Scrutinizing the Boot Process
The goal of a hardware root of trust is to verify that the software installed in every component of the hardware is the software that was intended. — Jessie Frazelle
The problem with trust is that we should never trust anything and always question it. How can a system trust that the software wasn’t installed as intended? These are the basic problems with the premise of a TPM and even the Secure Boot process.
The goal of attestation is to prove to a third party that your operating system and application software are intact and trustworthy. — Jessie Frazelle
The problem with this is even more obvious to the security of a system. Attestation can’t always witness or even prove a program doesn’t have the right to be run or used in boot up. Unless Attestations can be programmed to boot Windows a certain everytime in hardware, we will always have the virus developers skirting around the boot process.
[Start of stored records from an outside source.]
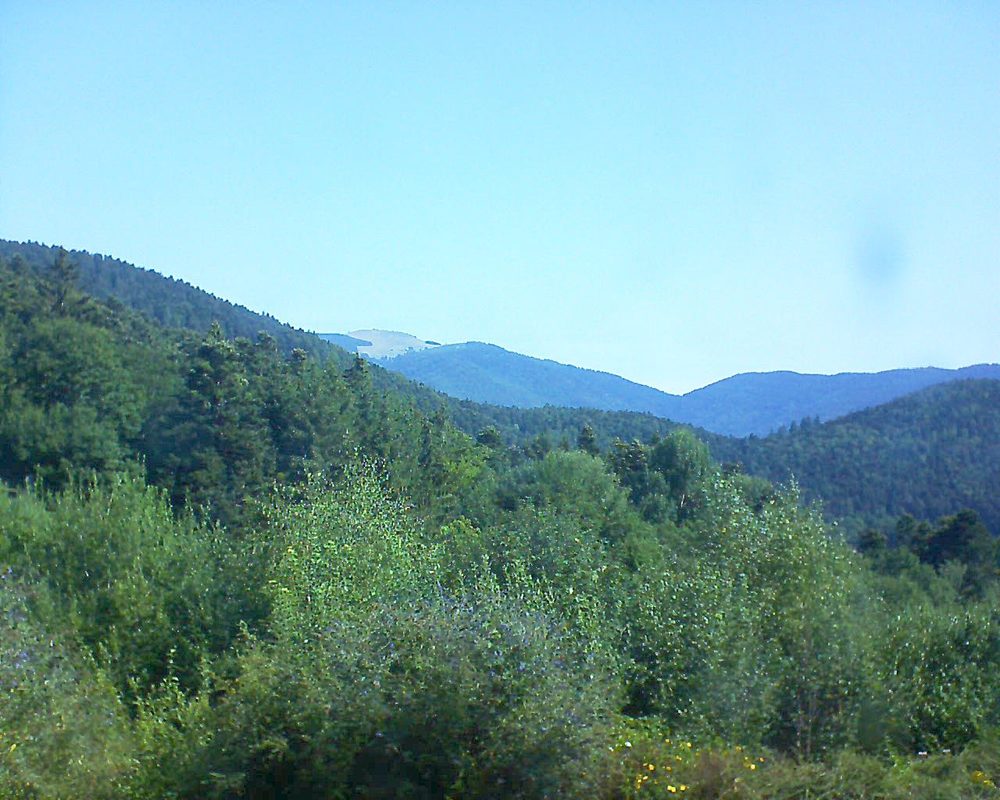 Le petit ballon vu depuis le Domaine Langmatt à Murbach le 02.08.2018 à 10:30 Le petit ballon (Alsace, Vosges) le 02.08.2018 à 10:30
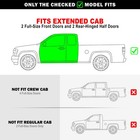 Running Boards 5 Inches For Chevy Colorado Gmc Canyon 2004-2012 Extended Cab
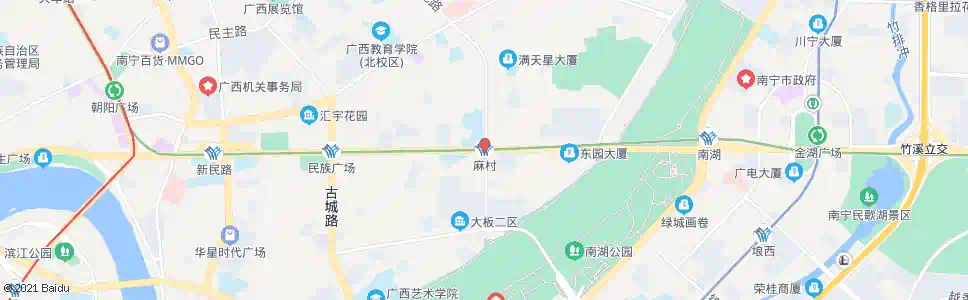 南宁麻村_公交站地图_南宁公交_妙搜公交查询2025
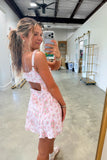 Petal Rush Open Back Athletic Dress Pink RESTOCK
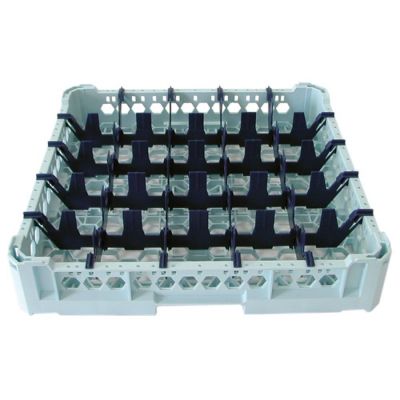 Cos pahare L 500 x 500 mm, H 100 mm, pentru 25 de pahare - 973086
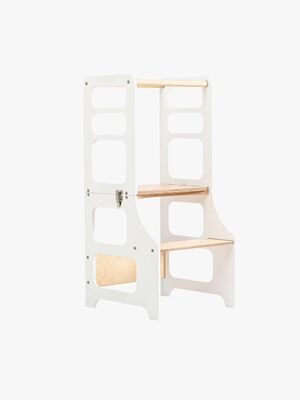 Duck Woodworks Sammenklappeligt Læringstårn, Hvid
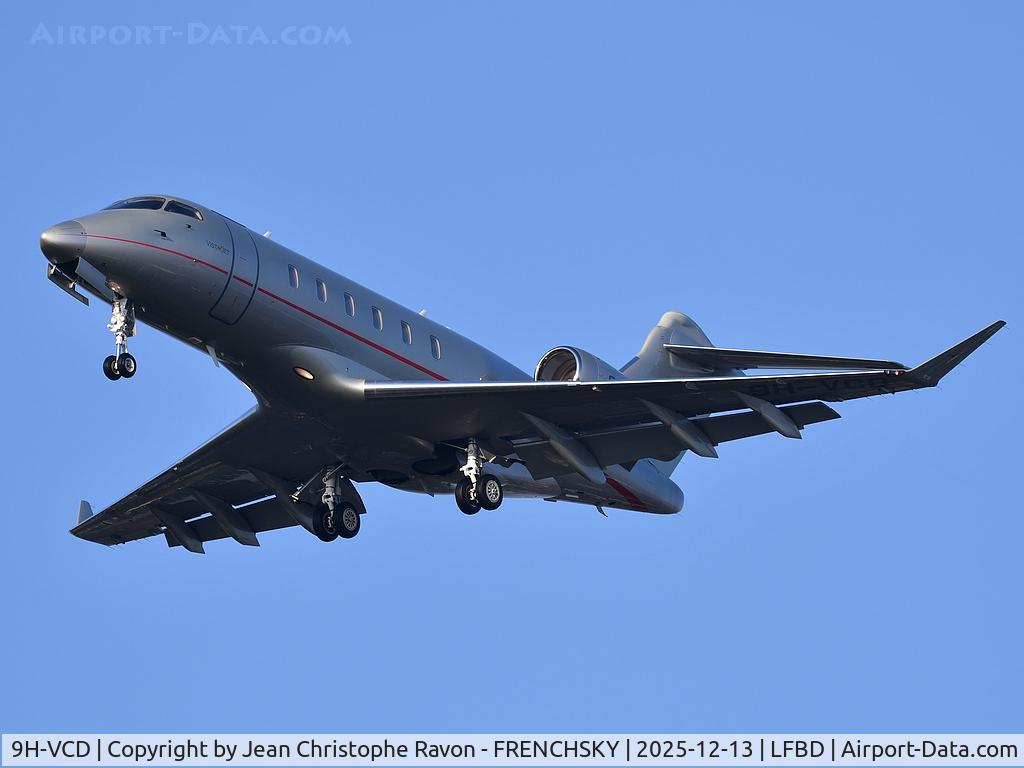9H-VCD, 2015 Bombardier Challenger 350 (BD-100-1A10) C/N 20538, Northolt (NHT)	Bordeaux (BOD)	VJT467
Some members of the technology industry have raised the concern that the well-documented, modern, high-level language interface provided by UEFI makes it easier to compromise a platform [12]; that the ability to add modules
and applications to the boot process could compromise security.
I wouldn’t call some being a small amount of people but a large amount. I’ve heard time and time again this idea and it seems to be a growing concern with UEFI and how virus writers / developers will overcome UEFI and be able to install viruses / Malware around the the Windows system to be able to do what they have always been able to do.
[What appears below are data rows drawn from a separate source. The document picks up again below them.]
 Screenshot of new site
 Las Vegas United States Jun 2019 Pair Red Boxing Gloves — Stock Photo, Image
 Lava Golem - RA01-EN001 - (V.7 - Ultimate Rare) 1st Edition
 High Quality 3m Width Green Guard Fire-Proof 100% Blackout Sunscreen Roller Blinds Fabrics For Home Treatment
Security through Obscurity
Microsoft seems to have take this approach as their next step through the security door and it’s seems quite evident that they’ve not learned their lesson from others. I say that with the understanding that Apple tried this with their systems and they still have virus writers who can compromise their system. It’s not like the security community doesn’t want all operating system to be secure, in fact most would want it so badly because we wouldn’t have to worry as much about the viruses or malware to being on peoples systems. Let’s not forget we still have users who will do dumb things and that much will always be true. There is always going to be need to teach the company users, how to be secure while using the company’s computer(s) or laptop(s).
Return-Oriented Programming
Return-Oriented Programming is a security exploit technique used by attackers to execute code on their target system. By obtaining control of the call stack, the attacker can control the flow of existing trusted software running on the computer and manipulate it to their own ends. — Secureteam UK
The ROP(return-oriented programming) has been a constant problem for several years now and will probably grow even more. I say that not lightly because the Virus writers / Developers will have to start to use it more and more often and even find other exploits techniques to get around the Secure boot and UEFI protocols. This is often called the Blindside attack and is most often used with IOT(Internet of Things) devices but can be used with Windows operating systems and will become more and more useful to them in the future, I suspect.
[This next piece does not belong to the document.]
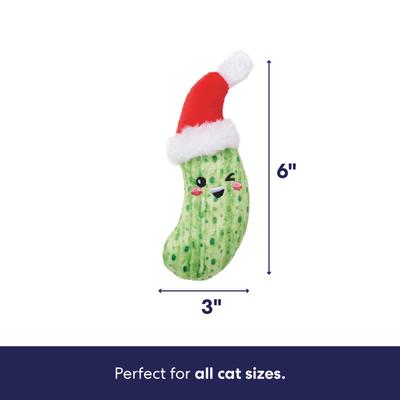 Show full view: Frisco Holiday Christmas Pickle Plush Cat Toy with Catnip & Silvervine slide 2 of 8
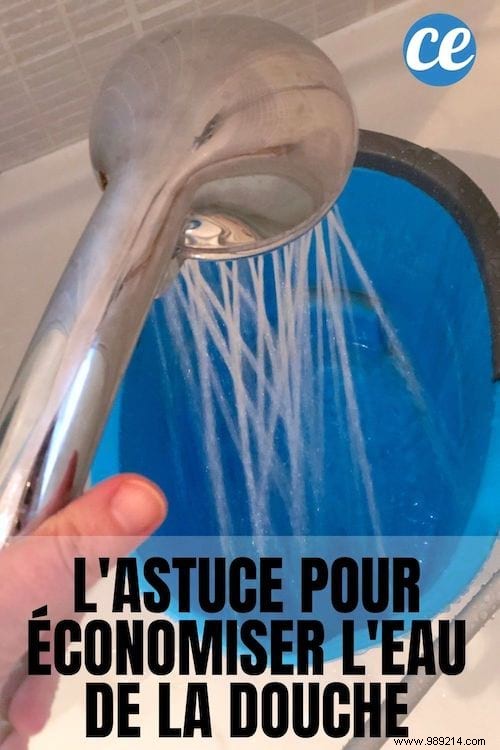 The Very Simple Trick To Save Water In The Shower.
Not unlike the previous tutorial we will be crafting [ROP] the parameters to Windows API calls on the stack and then executing them. — FuzzySecurity
As you can see, there is already programming that people can do with Windows 7 API and that’s been out for quite a while. I am unsure when someone did this little experient and talked about the vulnerability. This vulnerability is available on Windows 7. It could very well be used on Windows 10 or even Windows 11, I suspect.
Mitigation
I will say there has been talk about mitigating this and other attacks but it requires a constant updating of the operating system and CPU (Secureteam UK). As you know CPU manufacturers will take years to update a problem just because people will not want to go buy a new cpu or even a new computer until the old computer isn’t able to run or something actually breaks in the system. I know Virus writers / developers will always be having to be a head of Windows updates and that might be what they are already doing. Looking for vulnerabilities in the UEFI and Secure boot area. I suspect they are already doing that now. I can’t say if they’ll succeed but I know the virus writers make so much money on ransomware and getting those companies systems compromised. So who really wins? I would hazard a guess no one in the end, the security that Microsoft is trying to force will still fail miserably and I will be there saying “I told you so!”